Lo ammetto. Sono tra quelli che, se il cibo ed il vino lo meritano, non si tira indietro dal buffet alle inaugurazioni. Ad esempio conservo ricordi di rinfreschi luculliani al Mart di qualche anno fa con tanto di risotto alle mele renette servito su forme incavate di Parmigiano (pardon, Grana Trentino), carne salada, e perfino grappa invecchiata servita con cioccolato fondente.
E poi ho fatto al buffet conoscenze con persone strepitose: non c’è di meglio che scambiare impressioni su una mostra con un bicchiere in mano, preferibilmente il quinto o il sesto, in modo di essere sciolti. Ricordo poi frotte di persone venire alle inaugurazioni di Villa Manin (quando c’era ancora Bonami) solo per approfittare del tocai e del frico. Che volete farci, noi italiani si magna.

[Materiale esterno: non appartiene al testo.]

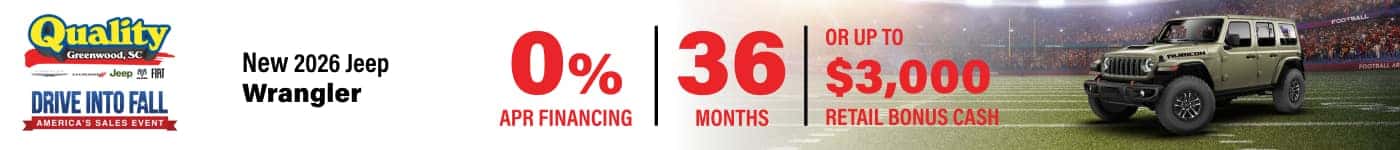 Get 0% APR for 36 Months or Up to $3,000 Retail Bonus Cash on a new Jeep Wrangler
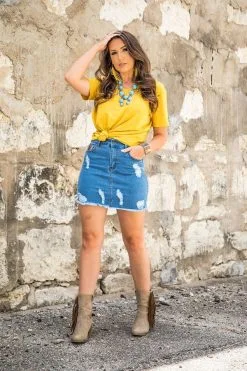 L&B Apparel Color Your World Denim Skirt -Clothing Women's Clothing/Brgs sales store LF0014 RS 4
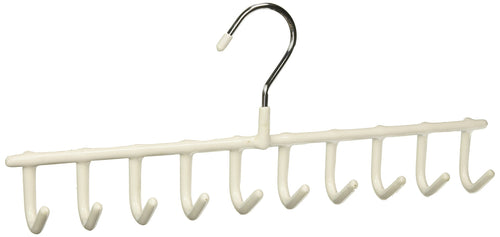 Organize It All 10 Hook  Metal Tie Belt Rack and Accessory Closet Hanger - White
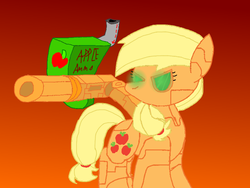 Size: 800x600 | Tagged: safe, artist:hyperwave9000, applejack, pony, robot, robot pony, g4, applebot, cannon, female, gradient background, roboticization, solo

Quelli che non sopporto sono invece i prevaricatori, quelli che non rispettano la fila per prendere prima di te una cucchiaiata di qualsiasi cosa edibile. C’è ad esempio un gruppo di giornalisti che viene da Milano e che trovo puntualmente a tutti i buffet delle mostre del norditalia. Sono degli stacanovisti del piatto. Hanno un’età tra i 50 ed i 70 ed una voracità da cavalletta con il verme solitario, ma soprattutto, hanno sempre una scusa per mangiare e passarti avanti. Mammamia, che spettacolo indegno. C’è da vergognarsi a fare i giornalisti.